We've been working on
covidfyi.in for almost 2 months now and have gone through significant-tech changes already.
We're a platform where the data for all the government released resources like hospitals, helplines, doctors, etc are aggregated by our dedicated data team and that's presented on our frontend in an easy to find manner.
We started with our backend made in Django and PostgreSQL and hosted on Heroku.
But quick enough, we started running into limitations.
First was, Heroku dyno sleeps after 30 minutes of inactivity, hence, the first request after the server has gone to sleep takes too long to respond, upwards of 10 seconds.
The second limitation is more niche, our data team is using a google sheet to manage and collate the data - they felt a form-based admin dashboard would be too restrictive. So, whenever the data team updated the google sheet, we in the tech team downloaded the CSV and manually updated the database by running a pre-defined utility command. This was also limiting in another sense - whenever the data team wanted to add a new column, we would manually have to add that in the database schema inside our code - too tedious in my opinion.
We searched, but in no way, we could figure out how to include new columns in our schema at runtime. But this research wasn't fruitful at least when it was limited to the scope of an RDBMS.
Now, how did we overcome these limitations?
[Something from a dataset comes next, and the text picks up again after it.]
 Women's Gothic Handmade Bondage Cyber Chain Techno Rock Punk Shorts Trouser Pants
Keep reading to find out :)
The first step was to shift from Django to Flask, because flask is lightweight and Django is an elephant, we didn't want a huge framework standing in the way of what we wanted to accomplish.
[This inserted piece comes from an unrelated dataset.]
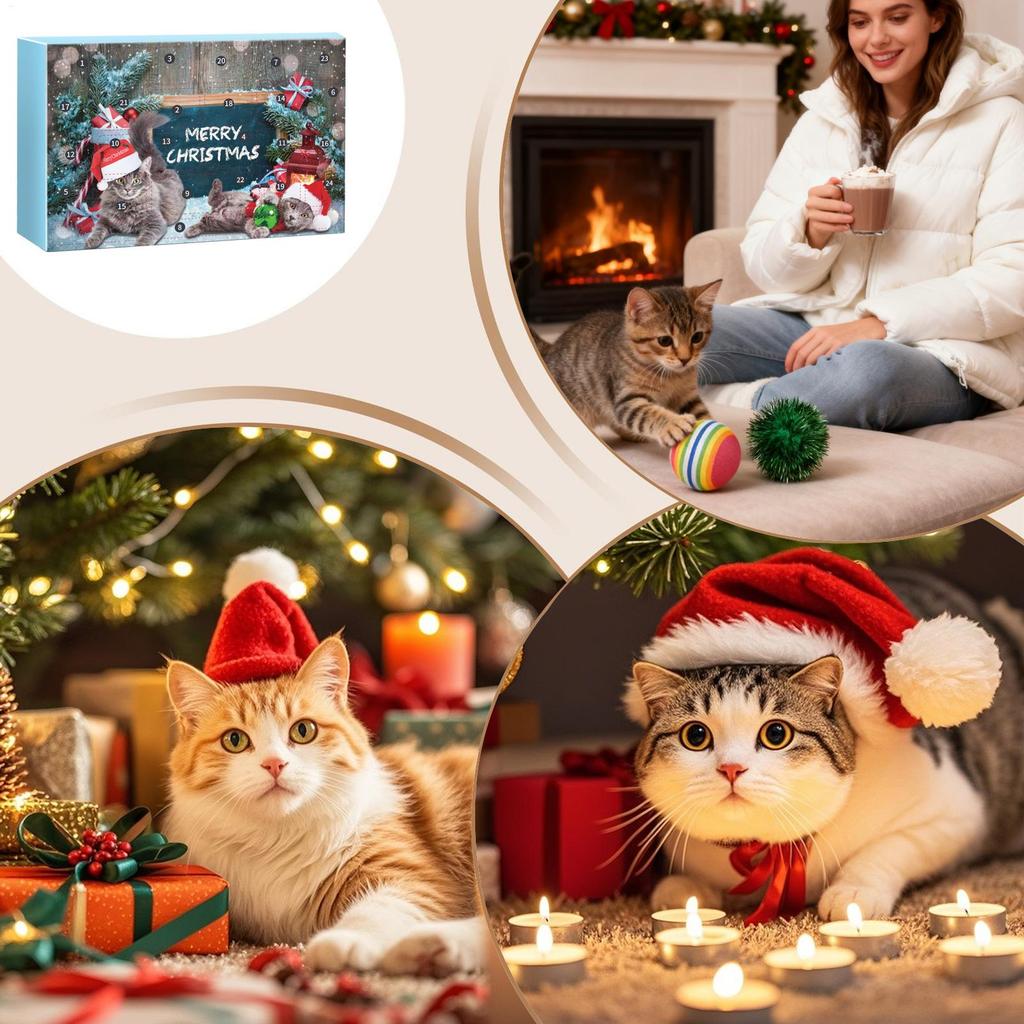 Cat Christmas Advent 2025 24 Days Cat Toys Seasonal Countdown Calendar For Christmas Home Daily Festival Holiday Boredom Relief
In the second step, we shifted from PostgreSQL to MongoDB, this is the change that brought the MOST return on investment. But why? it simplified our workflow by at least 100 times.
It's simple what we did, and makes me think how we were stupid enough to not think of this in the first place.
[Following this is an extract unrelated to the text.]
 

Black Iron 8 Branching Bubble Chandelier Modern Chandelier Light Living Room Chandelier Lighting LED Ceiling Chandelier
I wrote a script that extracts the JSON from our google sheet, sanitized the response, and inserted it into our MongoDB database as is and this script runs every 12 hours to update our DB.
This does two things - simplifies the workflow, and also at the same time allows for a dynamic schema.
Thirdly, we shifted from Heroku to a VM on GCP, this eliminated most of our performance issues.
And did I mention, we've a caching layer setup using Redis which caches most of our API responses, hence makes it super quick.
In short, our current architecture is - Flask + MongoDB + Redis + GCP.
If you've got any suggestions of how we could improve our architecture, drop in a comments please.